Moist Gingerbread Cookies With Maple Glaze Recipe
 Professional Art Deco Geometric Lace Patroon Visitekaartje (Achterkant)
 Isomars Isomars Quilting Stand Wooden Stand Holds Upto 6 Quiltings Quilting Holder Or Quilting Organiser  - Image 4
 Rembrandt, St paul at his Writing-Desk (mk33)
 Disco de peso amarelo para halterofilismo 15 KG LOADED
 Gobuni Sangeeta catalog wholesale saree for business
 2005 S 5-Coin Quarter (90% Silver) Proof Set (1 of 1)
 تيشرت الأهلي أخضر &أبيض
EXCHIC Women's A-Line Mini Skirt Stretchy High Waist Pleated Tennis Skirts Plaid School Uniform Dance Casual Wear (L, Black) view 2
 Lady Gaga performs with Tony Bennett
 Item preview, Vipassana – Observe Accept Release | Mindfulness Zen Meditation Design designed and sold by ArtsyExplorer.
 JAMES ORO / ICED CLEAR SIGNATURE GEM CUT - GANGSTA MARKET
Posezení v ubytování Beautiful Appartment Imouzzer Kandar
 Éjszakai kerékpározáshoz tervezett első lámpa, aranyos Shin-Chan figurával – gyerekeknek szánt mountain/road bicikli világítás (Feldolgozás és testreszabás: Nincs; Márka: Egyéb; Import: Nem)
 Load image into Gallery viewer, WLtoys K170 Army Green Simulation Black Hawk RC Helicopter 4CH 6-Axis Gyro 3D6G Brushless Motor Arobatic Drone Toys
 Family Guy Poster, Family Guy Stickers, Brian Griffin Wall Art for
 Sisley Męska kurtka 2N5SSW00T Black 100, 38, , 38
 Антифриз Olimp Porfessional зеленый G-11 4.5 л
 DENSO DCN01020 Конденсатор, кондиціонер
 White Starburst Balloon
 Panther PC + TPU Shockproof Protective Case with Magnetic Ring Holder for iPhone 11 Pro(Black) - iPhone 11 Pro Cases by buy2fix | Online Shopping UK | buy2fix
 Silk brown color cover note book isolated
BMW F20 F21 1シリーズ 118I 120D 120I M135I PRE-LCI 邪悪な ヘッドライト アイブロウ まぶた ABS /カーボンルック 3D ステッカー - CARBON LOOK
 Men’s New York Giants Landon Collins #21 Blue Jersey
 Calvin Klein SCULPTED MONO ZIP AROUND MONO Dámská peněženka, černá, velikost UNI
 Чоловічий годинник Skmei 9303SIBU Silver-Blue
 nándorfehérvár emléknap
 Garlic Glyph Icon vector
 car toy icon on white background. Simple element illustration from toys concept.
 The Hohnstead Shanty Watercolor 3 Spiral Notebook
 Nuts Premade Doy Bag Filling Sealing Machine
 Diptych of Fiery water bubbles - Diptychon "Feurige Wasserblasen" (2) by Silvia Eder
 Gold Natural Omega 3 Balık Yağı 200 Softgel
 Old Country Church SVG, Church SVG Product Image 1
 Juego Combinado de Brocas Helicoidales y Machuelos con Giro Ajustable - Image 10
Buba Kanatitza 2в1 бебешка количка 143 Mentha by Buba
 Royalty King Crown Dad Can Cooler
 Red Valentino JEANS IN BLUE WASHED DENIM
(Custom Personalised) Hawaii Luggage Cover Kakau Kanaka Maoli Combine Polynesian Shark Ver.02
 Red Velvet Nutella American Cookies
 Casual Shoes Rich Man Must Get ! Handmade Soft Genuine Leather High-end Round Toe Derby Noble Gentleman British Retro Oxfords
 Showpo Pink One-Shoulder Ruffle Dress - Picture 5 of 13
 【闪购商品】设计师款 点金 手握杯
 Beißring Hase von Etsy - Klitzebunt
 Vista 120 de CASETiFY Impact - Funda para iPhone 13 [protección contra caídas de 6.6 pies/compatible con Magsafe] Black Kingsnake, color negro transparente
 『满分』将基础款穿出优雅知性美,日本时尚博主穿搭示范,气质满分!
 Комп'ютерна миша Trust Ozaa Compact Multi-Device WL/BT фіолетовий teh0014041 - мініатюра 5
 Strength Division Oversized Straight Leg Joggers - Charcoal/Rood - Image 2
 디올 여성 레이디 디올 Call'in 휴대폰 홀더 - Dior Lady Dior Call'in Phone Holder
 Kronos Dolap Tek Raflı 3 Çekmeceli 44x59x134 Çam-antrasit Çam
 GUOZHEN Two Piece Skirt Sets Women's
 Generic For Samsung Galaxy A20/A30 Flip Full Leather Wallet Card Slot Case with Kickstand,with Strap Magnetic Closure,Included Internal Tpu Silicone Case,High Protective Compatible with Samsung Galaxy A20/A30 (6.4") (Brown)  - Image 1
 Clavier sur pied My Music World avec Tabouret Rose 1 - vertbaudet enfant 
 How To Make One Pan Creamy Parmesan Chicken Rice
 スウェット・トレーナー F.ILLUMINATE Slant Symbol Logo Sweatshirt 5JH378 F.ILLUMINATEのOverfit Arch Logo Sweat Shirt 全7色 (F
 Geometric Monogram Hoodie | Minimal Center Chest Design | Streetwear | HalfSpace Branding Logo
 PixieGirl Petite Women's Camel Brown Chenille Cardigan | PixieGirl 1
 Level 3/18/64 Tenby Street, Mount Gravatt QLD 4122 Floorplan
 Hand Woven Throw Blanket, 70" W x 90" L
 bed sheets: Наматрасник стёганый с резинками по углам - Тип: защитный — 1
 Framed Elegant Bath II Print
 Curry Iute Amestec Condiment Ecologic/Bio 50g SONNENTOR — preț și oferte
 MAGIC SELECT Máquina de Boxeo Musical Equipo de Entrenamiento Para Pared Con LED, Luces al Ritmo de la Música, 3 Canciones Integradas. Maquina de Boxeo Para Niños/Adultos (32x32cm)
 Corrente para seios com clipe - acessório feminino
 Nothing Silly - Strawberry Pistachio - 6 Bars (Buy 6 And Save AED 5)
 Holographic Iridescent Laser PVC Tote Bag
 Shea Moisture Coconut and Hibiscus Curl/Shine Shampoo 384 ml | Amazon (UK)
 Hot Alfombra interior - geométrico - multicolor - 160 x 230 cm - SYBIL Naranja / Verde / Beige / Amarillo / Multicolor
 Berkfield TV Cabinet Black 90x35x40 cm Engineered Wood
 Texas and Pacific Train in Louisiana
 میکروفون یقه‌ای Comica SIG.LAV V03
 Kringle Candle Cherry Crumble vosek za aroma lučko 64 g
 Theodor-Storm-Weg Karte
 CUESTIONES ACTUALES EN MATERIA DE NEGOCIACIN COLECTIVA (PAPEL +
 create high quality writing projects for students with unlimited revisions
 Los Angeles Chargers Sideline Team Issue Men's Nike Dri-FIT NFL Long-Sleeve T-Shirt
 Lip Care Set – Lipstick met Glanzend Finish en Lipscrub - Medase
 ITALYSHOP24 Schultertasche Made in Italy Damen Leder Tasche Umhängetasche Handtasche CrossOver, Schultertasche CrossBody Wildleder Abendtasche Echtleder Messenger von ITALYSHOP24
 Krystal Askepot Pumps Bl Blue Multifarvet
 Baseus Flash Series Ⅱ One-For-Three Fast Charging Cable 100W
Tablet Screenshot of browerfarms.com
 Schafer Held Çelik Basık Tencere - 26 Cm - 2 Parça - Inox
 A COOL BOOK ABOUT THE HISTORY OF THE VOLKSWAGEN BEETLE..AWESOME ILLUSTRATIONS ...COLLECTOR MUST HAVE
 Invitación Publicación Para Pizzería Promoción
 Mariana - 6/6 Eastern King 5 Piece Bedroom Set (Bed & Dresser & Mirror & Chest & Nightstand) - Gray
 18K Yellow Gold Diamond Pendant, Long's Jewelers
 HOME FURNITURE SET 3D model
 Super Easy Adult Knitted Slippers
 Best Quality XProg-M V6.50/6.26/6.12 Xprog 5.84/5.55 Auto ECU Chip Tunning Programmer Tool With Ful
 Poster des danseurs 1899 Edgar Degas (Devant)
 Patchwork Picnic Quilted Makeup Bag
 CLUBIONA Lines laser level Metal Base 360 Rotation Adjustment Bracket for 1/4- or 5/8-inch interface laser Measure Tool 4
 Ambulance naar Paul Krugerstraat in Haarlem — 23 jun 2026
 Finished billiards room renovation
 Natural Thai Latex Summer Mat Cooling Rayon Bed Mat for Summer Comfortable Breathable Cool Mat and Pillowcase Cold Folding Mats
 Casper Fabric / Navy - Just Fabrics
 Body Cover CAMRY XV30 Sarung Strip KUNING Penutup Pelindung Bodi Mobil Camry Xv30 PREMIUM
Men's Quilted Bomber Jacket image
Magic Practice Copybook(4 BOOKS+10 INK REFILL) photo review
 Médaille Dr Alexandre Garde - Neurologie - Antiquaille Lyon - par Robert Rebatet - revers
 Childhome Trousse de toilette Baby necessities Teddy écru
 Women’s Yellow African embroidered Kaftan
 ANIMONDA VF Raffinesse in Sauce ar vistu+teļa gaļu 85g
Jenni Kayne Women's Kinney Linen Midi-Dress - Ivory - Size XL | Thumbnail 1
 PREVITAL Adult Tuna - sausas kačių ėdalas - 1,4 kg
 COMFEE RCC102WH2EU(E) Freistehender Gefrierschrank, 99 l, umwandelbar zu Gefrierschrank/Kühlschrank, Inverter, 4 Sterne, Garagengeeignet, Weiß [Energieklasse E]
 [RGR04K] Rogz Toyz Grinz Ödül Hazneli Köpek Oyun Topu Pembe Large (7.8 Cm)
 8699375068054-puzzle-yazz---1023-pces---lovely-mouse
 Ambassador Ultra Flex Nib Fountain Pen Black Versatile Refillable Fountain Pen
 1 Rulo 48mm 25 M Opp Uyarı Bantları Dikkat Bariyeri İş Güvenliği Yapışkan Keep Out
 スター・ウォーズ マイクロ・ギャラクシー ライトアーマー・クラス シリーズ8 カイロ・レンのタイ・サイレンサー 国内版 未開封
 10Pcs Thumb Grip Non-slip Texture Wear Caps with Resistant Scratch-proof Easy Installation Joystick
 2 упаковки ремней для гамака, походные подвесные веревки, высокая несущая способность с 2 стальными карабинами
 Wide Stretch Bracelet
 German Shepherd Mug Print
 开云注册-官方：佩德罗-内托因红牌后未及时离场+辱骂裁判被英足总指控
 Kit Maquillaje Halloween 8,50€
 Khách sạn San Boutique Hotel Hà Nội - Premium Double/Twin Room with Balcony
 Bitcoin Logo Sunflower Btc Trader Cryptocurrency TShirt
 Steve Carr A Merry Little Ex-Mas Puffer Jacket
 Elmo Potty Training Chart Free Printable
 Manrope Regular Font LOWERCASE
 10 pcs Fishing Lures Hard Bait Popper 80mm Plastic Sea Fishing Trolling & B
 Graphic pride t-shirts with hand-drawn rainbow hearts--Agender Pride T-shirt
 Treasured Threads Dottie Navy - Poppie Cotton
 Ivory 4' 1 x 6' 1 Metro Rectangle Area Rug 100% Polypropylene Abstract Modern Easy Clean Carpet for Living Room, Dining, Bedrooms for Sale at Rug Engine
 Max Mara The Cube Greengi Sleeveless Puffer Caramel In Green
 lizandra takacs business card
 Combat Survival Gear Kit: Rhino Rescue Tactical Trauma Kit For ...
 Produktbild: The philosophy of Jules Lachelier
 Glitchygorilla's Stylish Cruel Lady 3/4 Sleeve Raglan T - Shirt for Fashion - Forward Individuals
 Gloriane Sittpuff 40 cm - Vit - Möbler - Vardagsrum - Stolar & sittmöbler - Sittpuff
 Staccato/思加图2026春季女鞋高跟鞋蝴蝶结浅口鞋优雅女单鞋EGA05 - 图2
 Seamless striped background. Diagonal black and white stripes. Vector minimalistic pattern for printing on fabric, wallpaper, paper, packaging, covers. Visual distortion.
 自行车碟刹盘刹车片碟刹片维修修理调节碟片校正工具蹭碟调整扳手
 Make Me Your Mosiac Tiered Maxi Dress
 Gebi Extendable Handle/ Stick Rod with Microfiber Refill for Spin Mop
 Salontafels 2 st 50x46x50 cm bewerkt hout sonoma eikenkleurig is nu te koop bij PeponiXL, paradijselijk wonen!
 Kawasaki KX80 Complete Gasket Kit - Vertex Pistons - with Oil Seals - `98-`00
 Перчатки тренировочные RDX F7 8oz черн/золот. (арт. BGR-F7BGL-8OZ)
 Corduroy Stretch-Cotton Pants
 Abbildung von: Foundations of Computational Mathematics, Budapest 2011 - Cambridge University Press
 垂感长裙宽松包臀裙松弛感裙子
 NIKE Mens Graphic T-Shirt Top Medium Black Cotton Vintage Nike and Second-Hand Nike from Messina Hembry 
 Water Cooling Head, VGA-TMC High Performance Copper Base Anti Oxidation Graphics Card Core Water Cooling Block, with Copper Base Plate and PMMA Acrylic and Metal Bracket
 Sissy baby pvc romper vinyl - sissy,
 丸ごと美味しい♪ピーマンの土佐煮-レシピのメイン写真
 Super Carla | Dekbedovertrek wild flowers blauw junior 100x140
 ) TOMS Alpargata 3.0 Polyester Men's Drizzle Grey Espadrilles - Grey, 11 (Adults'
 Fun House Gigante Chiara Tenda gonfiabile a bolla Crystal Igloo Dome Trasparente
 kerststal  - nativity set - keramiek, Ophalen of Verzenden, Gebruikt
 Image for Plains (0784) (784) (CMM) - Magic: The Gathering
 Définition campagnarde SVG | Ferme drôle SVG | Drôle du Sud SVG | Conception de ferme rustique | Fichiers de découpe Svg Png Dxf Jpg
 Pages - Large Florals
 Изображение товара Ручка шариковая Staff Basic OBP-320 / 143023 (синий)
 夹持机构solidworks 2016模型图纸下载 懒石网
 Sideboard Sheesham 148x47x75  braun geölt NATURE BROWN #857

==============================

EXERCISE PROMPT -
Some lines in the material contain "Cookies". Show all of them.

FINISHED TASK -
Moist Gingerbread Cookies With Maple Glaze Recipe
 Red Velvet Nutella American Cookies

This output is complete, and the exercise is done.